Defendant answered by general and special demurrers, general denial, and specially denied that it had required plaintiff to stack the 200-pound sacks of flour in the manner alleged without furnishing him assistance, and pleaded that plaintiff was a mature and able-bodied man, so far as it knew, and of ordinary sense, and the work in which he was engaged was simple and did not call for special skill, training, or warning, and that, if he undertook to perform the work in the manner alleged, and was injured thereby, it was due solely to his own negligence, without the intervention of any negligence upon the part of the defendant, and without any direction from it, and of his own volition, when he knew, or should have known, in the exercise of ordinary care for his own safety, that he could not stack said 200-pound sacks, 4 high, without assistance; that the size and weight of the sacks and the- difficulty of handling them were matters that were open and obvious, and such acts and conduct upon his part were negligence, which negligence was the proximate cause of his injuries; that the plaintiff represented himself to be sound and fully able to do the work which his employment generally required, and did not inform the defendant of having undergone an operation for appendicitis, and it knew nothing of such condition when it employed him, but, with full knowledge of his own physical weakness, undertook to do the work, which» was too heavy, without being so directed, which was negligence upon his part and the proximate cause of his injury; that the defendant, having become acquainted with plaintiff’s condition at the time he returned! to its employ, gave him light work such as he stated he could do without injury to himself, and he made no complaint of the character of work assigned to him on June 10, 1924, when he claims to have received his *236 additional injuries, and he was negligent in undertaking to do work too heavy and which he was not directed to do by the defendant, and was the judge of such work as he was able to do. The defendant also specially pleaded that plaintiff had executed a release to it for all damages sustained by him.
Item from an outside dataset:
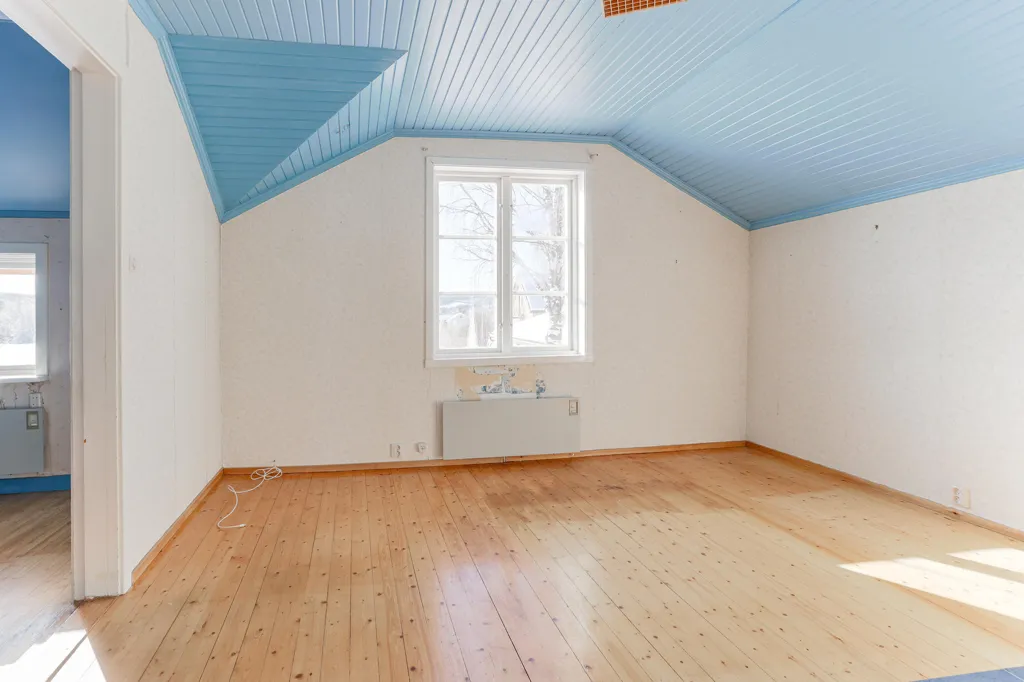 other_room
Both parties filed supplemental-pleadings, but we deem it unnecessary to make a statement of the matters therein alleged.
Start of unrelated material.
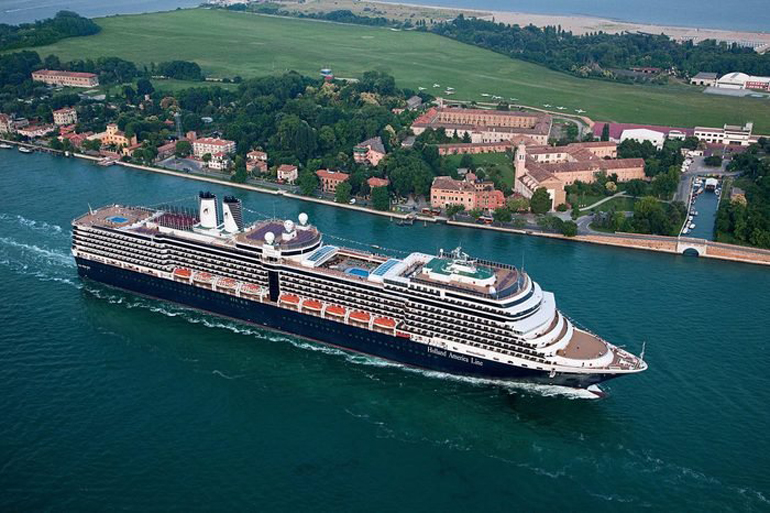 Best midsize cruise – Holland America Line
Upon the answers of the jury to special issues submitted, the court rendered judgment against the defendant, who is appellant herein, and in favor of plaintiff, who is appellee, for the sum of $7,500.

The first four assignments present, as error, the action of the trial court in refusing to give the requested instruction directing the jury to return a verdict for appellant, because of the insufficiency of the testimony to authorize a judgment for appellee.

The record shows, without contradiction, that appellee was 27 years old, was in good health, and had recovered entirely, so far as he knew, from the effects of the operation he had undergone for appendicitis; that he had been performing various kinds of physical labor of a character to warrant him in believing that his recovery was complete; that he was directed by the foreman to do the work of stacking the 200-pound sacks of flour on the trucks, one upon the other, 4 high, by himself; that this was exceedingly heavy work and required great strength and exertion to perform it.